The number of uops that can be dispatched to the renamer hasn't changed, so the wider later stages may make that a more clear bottleneck than before.
TAGE branch predictor could be a big win, from what I've been reading apparently is pretty bleeding edge tech, much better than Perceptrons they've been using previously (vid above says it was intended for Zen3 but they brought it forward
), though I did find a suggestion Intel has already been using this.
The TAGE predictor is a level-two predictor, meaning it is accessed after the initial prediction by the perceptron. Perhaps Zen3 has a similar arrangement, or the later addition with Zen2 meant it was easier to fit the larger TAGE one level further out from the inner prediction loop, since power was the supposed reason for keeping the perceptron as the initial predictor.
Regarding the AVX256: will they do double-rate 128bit?
The number of ports and dispatch width hasn't changed with the FPU, so I don't think it does.
Occurs to me this chiplet architecture is arguably a return to separate CPU-Northbridge-Southbridge
I think this is the case, or at least I've not seen a strong enough distinction in terms of features or design behavior to make this appear any different from other cycles of integration and separation that happen over time.
According to Anand article apparently the scheduler tries to split them up to manage thermals -> no dedicated clock reduction like Intel has but not ruling out thermal throttling via normal systems.
I think the cited mechanism is that the DVFS system uses activity monitors and built-in estimates for the power cost of instructions to determine what voltage and clock steps should be used, rather than a coarse change in clocking regime based on what category of instruction the decoder encounters.
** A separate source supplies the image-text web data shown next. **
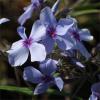   FlammenBlume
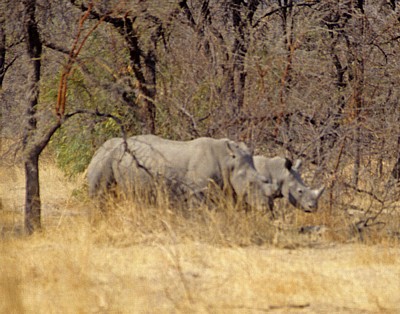 Whovi Wild Area: Breitmaulnashörner (Ceratotherium simum) - Matopos National Park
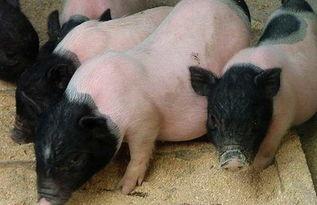 香猪视频,揭秘可爱小猪的日常生活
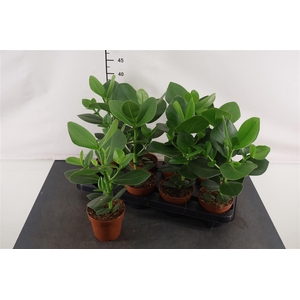 Clusia Rosea Princess 12 Cm. Pot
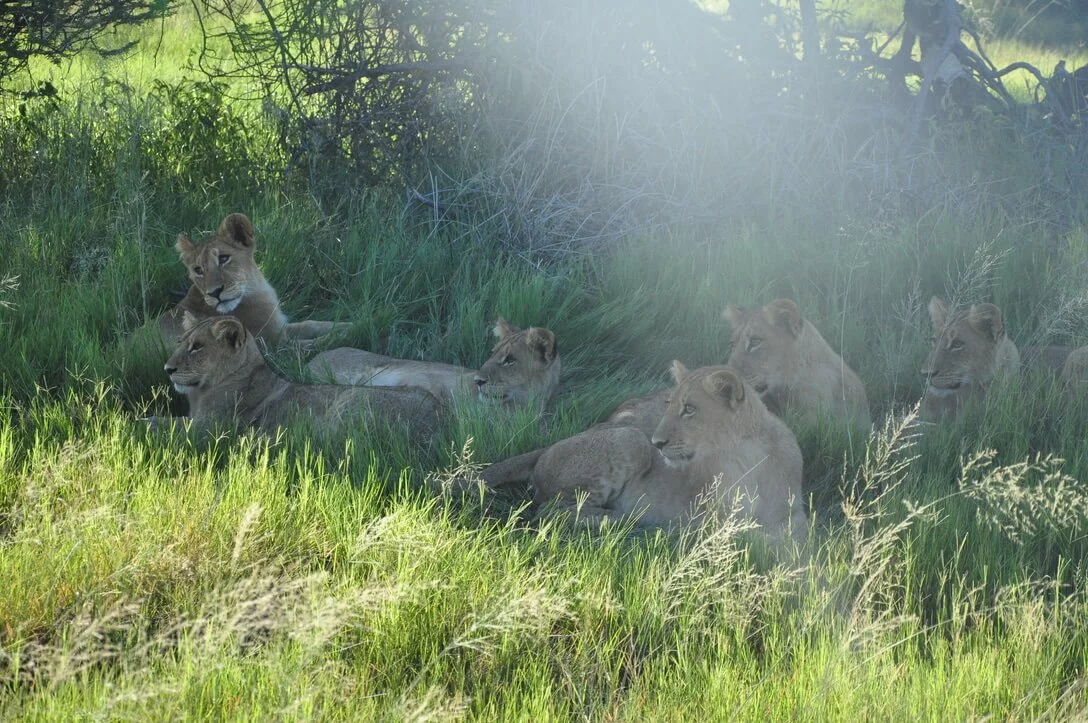 cubs napping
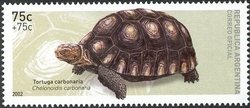 Colnect-1236-262-Pro-Philately---Red-footed-Tortoise-Chelonoidis-carbonaria.jpg
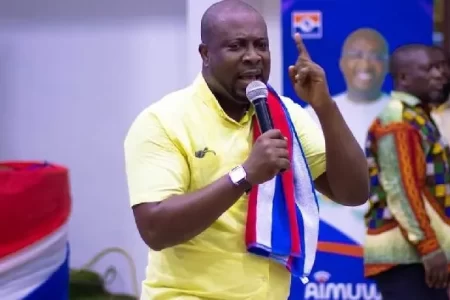 NPP Youth Wing Calls Democracy Hub Protesters Hooligans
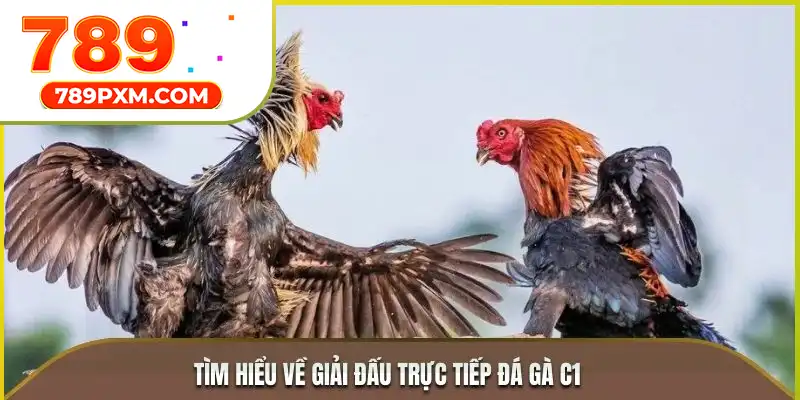 Tìm hiểu về giải đấu trực tiếp đá gà C1 Tìm hiểu về giải đấu trực tiếp đá gà C1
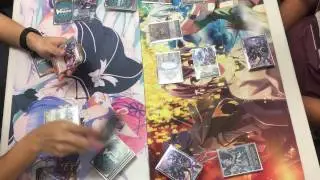 Dark Irregular Scharhot Vs. Shadow Paladin Luard G3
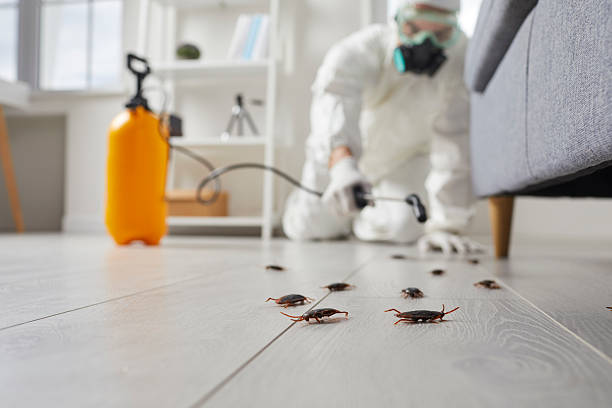 Commercial Rodent Management in Valley Springs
This may help in certain cases where instructions that might be considered wide by the front end have internally lower costs for whatever reason. One possible area is using very wide AVX instructions to boost the performance of memory copies and clears, where a naive throttling of the core that makes sense for heavy ALU work hurts the memory optimization. However, I think more recent Intel cores have gotten better at subdividing AVX categories so that fewer optimizations are treated like very wide ALU ops.